Mathematical Quality Still Matters - Multiple Feedback in London

Is there a difference between quant finance 11 years ago and now? Some say, it became more boring, because the simplification of instruments moved emphasis away from modeling to data management. I always disagreed and the week in London confirmed: modeling, and correct model solving matters more than ever.

The core event in London was our Workout in Computational Finance on Thursday, but we had a quite  tight schedule meeting partners, members of focus groups and distinguished quant finance experts.

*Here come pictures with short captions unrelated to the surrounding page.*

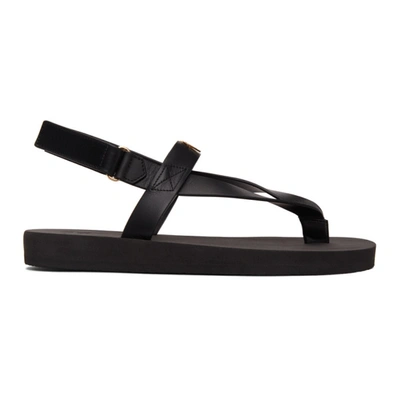 Giuseppe Zanotti Logo Print Thong Strap Sandals In Black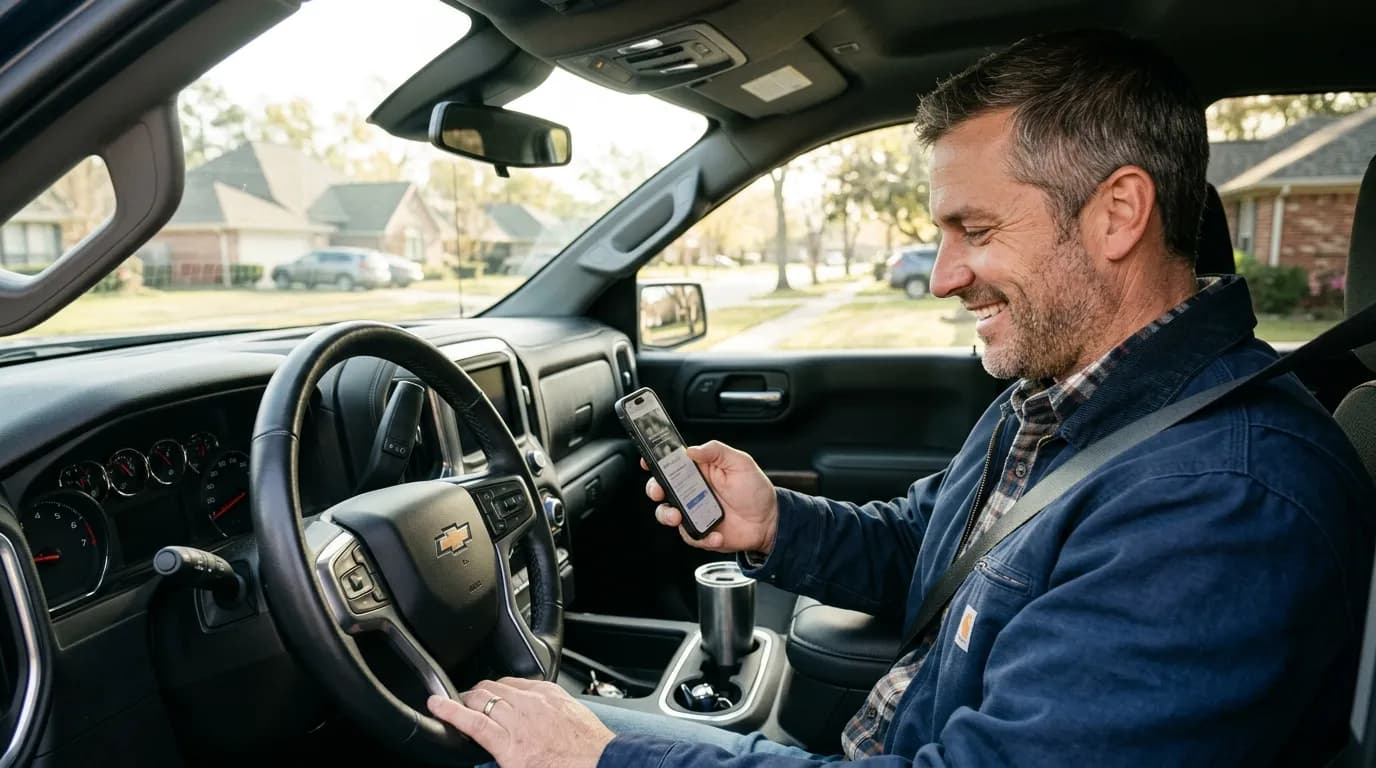 Tradesperson checking their business website on a phone
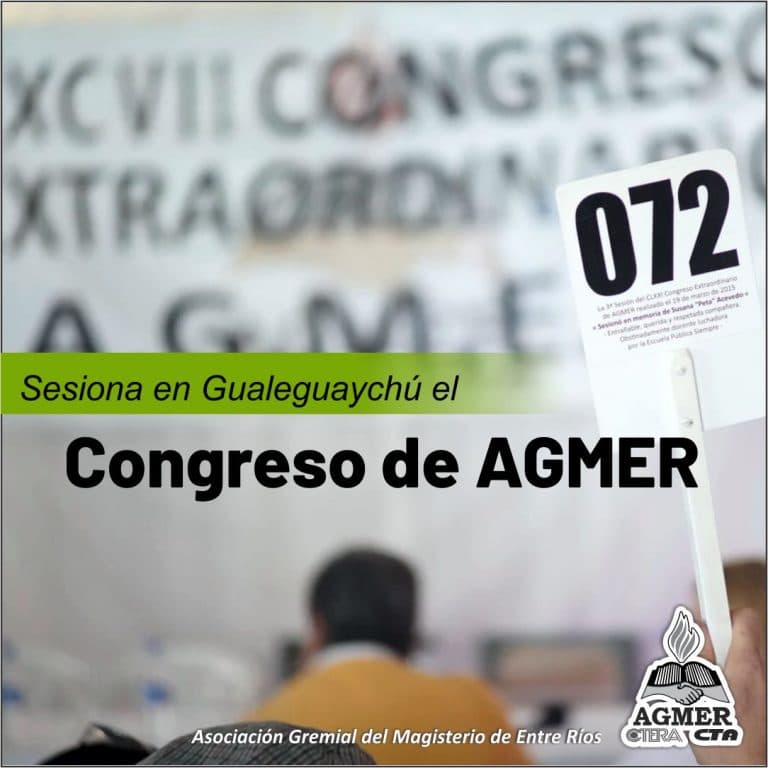 Sesiona el Congreso de AGMER en Gualeguaychú
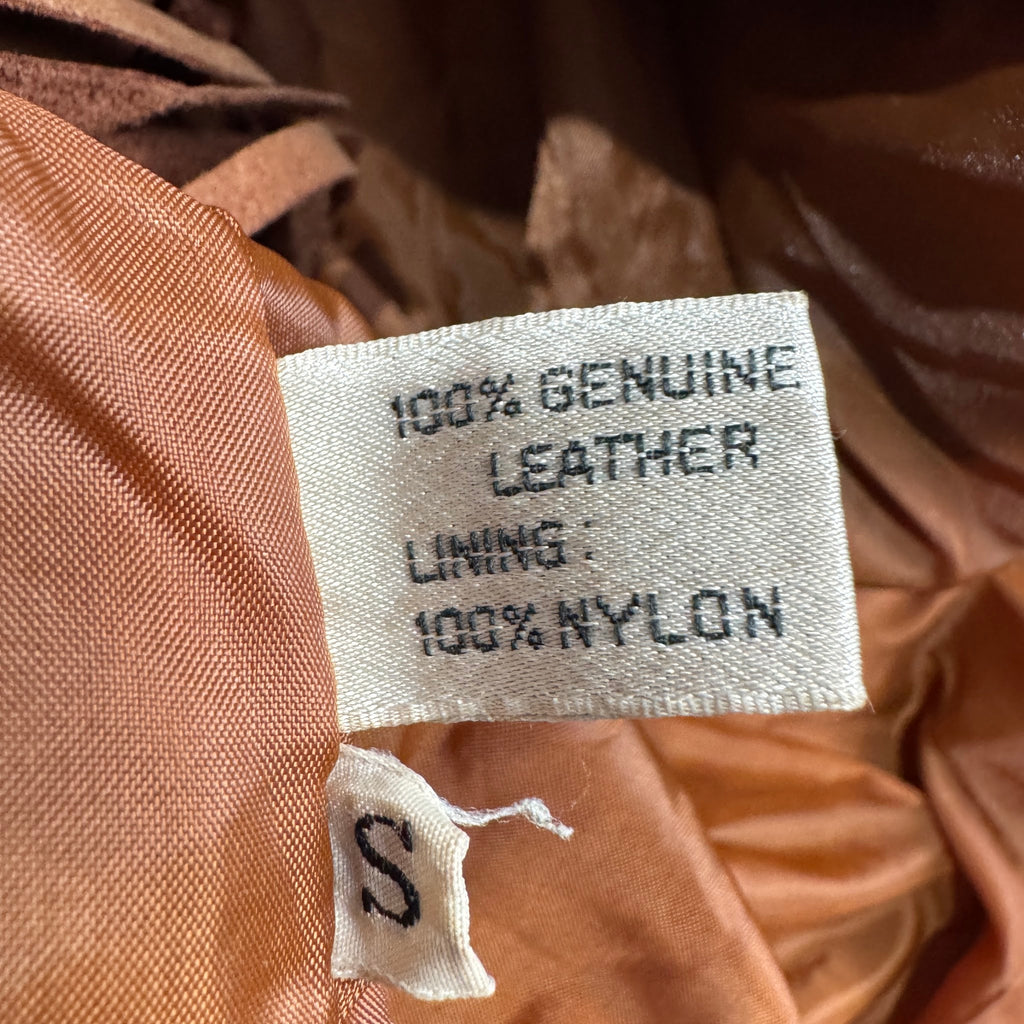 Vintage 80s-90s LNR Tan Suede Fringe Belted Shawl Collar Western Jacket Womens S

It was an exciting week, where we discussed about pure, versus applied mathematica, mathematical creativity, new ways of white-box/black-box learning, the tech offensive that has disrupted quant finance technology vendors and forced them to reinvent and retool their products.

I was privileged to bring together two dozens distinguished delegates from famous institutions with our top speakers Andreas and Michael for the 5 hours workout.

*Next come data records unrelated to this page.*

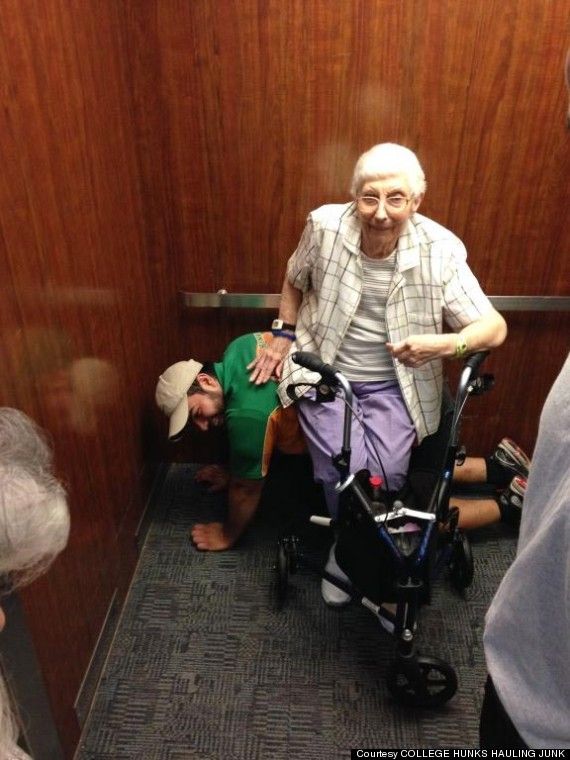 Student acts as human chair for several hours to help old lady.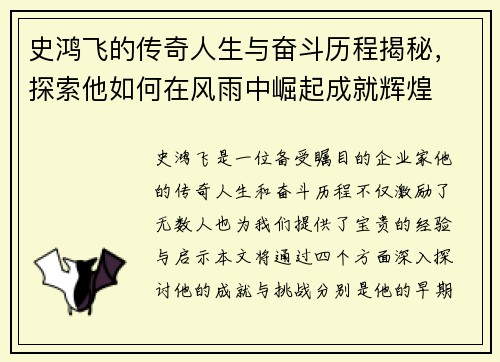 史鸿飞的传奇人生与奋斗历程揭秘，探索他如何在风雨中崛起成就辉煌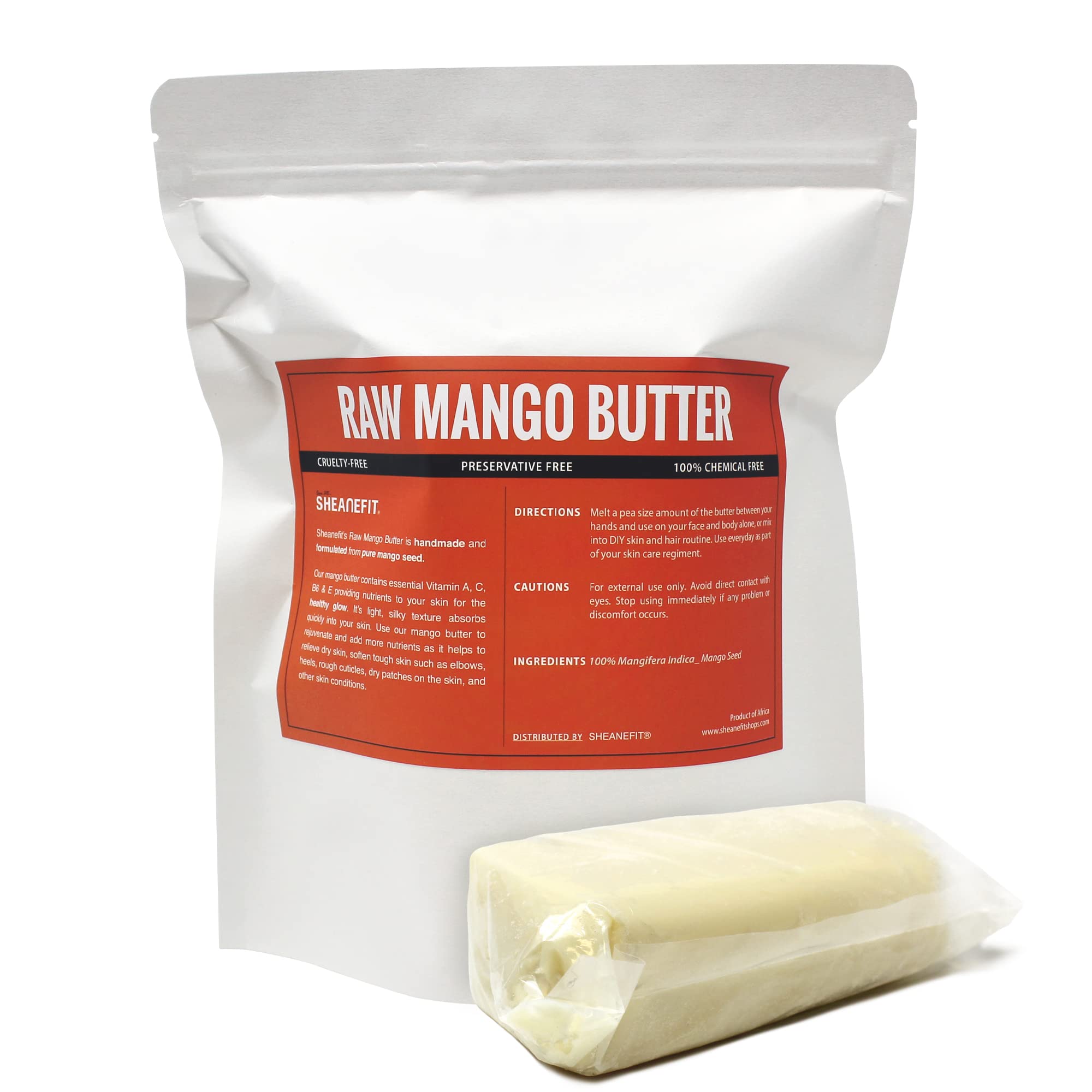 Organic Raw Unrefined Mango Butter Bar - 100% Natural Body Butter for Face & Body - Deep Moisturizing & Rejuvenating Skin Care Treatment (1 LB) - Perfect for Dry Skin, DIY Beauty Products & Massage Therapy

They discussed the pros and cons of numerical methods for mean reverting including trees (only good as fire wood), finite differences, finite elements and Monte Carlo techniques and explained stabilization techniques for convection dominated PDEs. 

In the model calibration session they explained why the ill-posedness  of calibration is a principle hurdle and showed how stabilization techniques help obtaining stable model parameters. 

When Monte Carlo is the only choice, speed maybe the problem. Quasi Monte Carlo or variance reduction techniques speed up.

But having accurate, fast and robust pricing and calibration engines is perhaps not enough. Proper risk management based on VaR, Expected Shortfall measures and the introduction of CVA/FVA/DVA introduce much more complexity in the valuation space. In the workout an out look was given how a sound implementation looks like (including symbolic and massive parallelization).

The spirited panel and individual discussions made it clear to me: mathematical quality still matters, as well as their implementation. And we hope to have also shown how applied mathematics can be fun.